PWC carried out the forensic investigation into Crane Bank’s financial transactions after being taken over by the Central Bank but lawyers have questioned the authenticity of its findings.
On the other hand, under the alternative cause of action, Crane Bank Limited claims to have discovered “shareholding irregularities, fraudulent extractions and misappropriation of immovable assets” on January 13, 2017 when PWC allegedly released its forensic report.
Sudhir says the purpose of this amendment is to “defeat my defense of limitation of the written defense.”
He contends that the PWC document is the foundation of Crane Bank’s case as the amendment seeks to suggest, adding, the refusal to disclose the 26 documents mentioned or alluded to in the plaint to prepare his defense amounted to “an attempt at trial by ambush and abuse of court process which cannot be sanctioned by way of amendment.”
The property mogul further states that “any party not complying with the notice to produce documents, shall not afterwards be at liberty to put any such document in evidence.”
The legal battle between Sudhir and Central bank has been raging on for the last few weeks, dragging in auditors, private lawyers and businessmen.

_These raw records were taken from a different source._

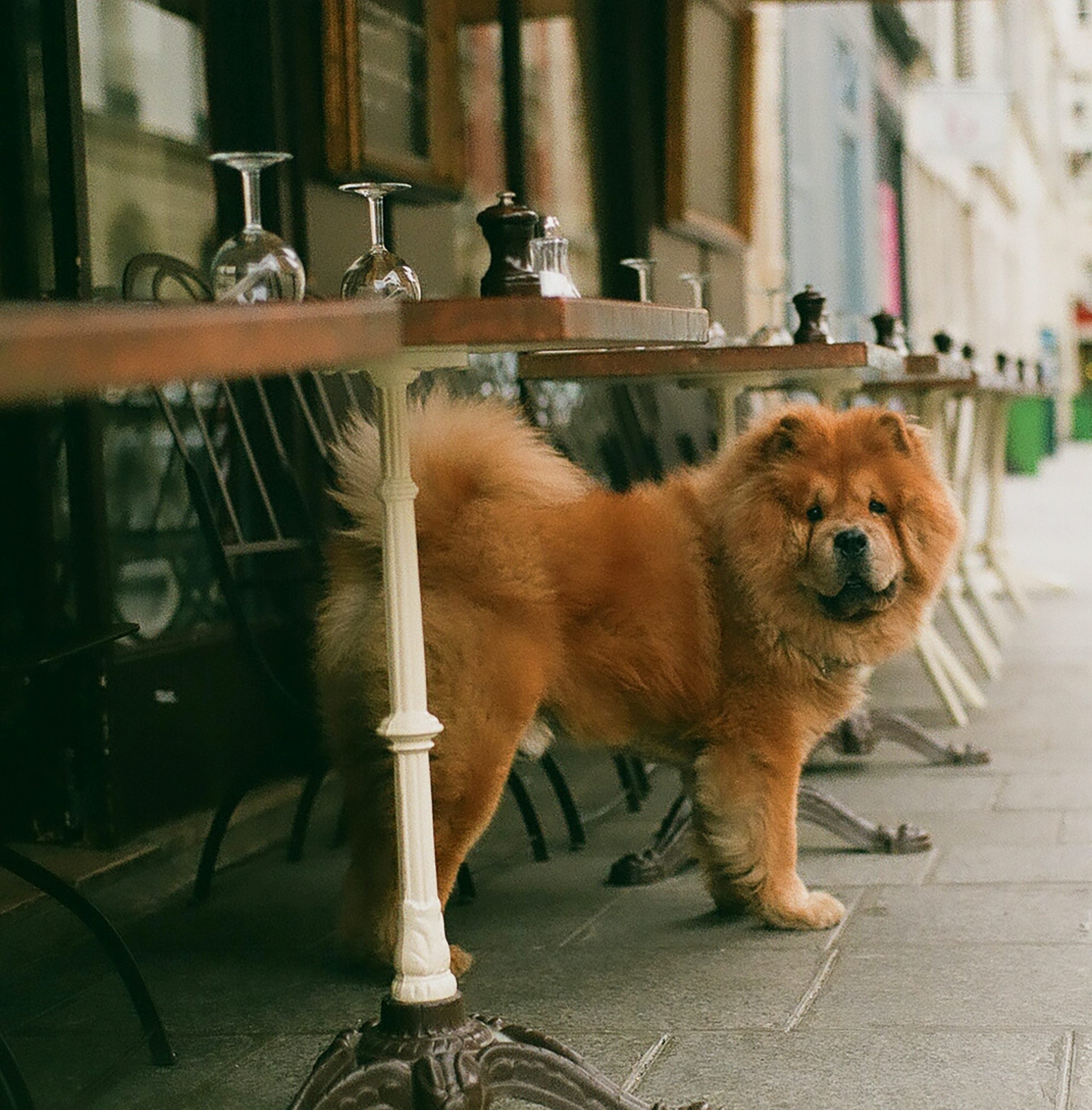Al ristorante con il cane? 4 consigli per gestire al meglio l'esperienza
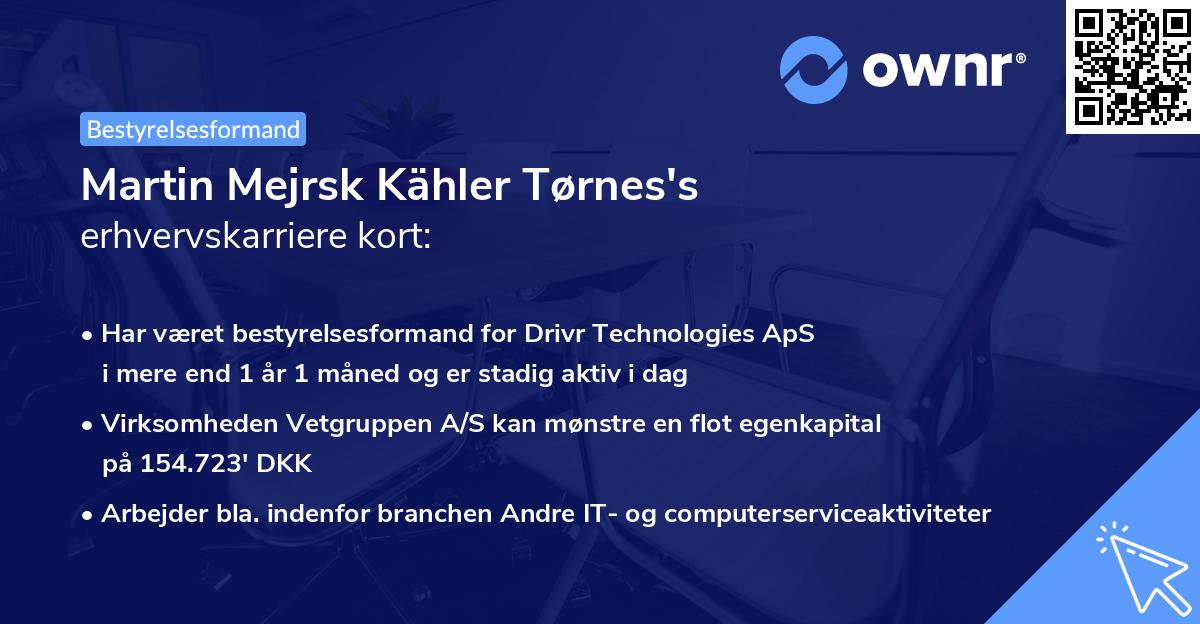 Martin Mejrsk Kähler Tørnes's erhvervskarriere kort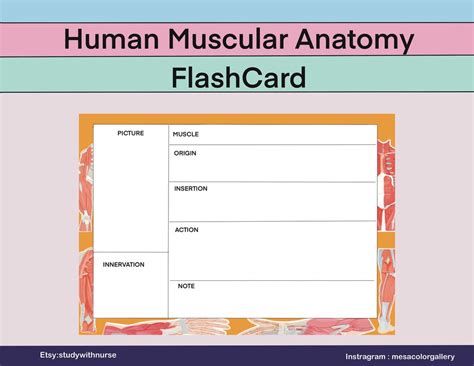 Human Muscles Anatomy Flash Card/ Anatomy Note/ Printable/digital ...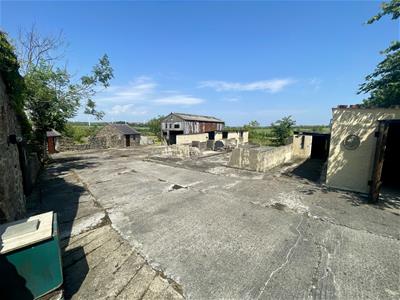 Picture 18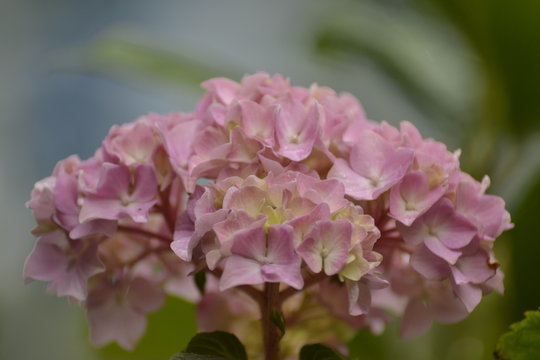 pink flower in the garden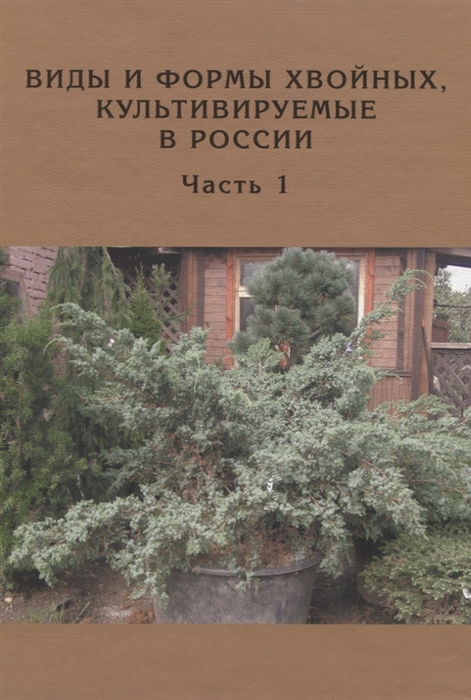 

Виды и формы хвойных культивируемые в России Часть 1 Можжевельник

Sudhir says BoU’s application “does not disclose a cause of action, the 1st applicant (Crane Bank) has no locus, the application is intended to defeat the preliminary points of law, is incompetent, duplicitous, an abuse of court process, frivolous, vexatious, based on misleading evidence of Ms Margaret Kasule and will unfairly prejudice the respondents which prejudice cannot be atoned for by way of costs.”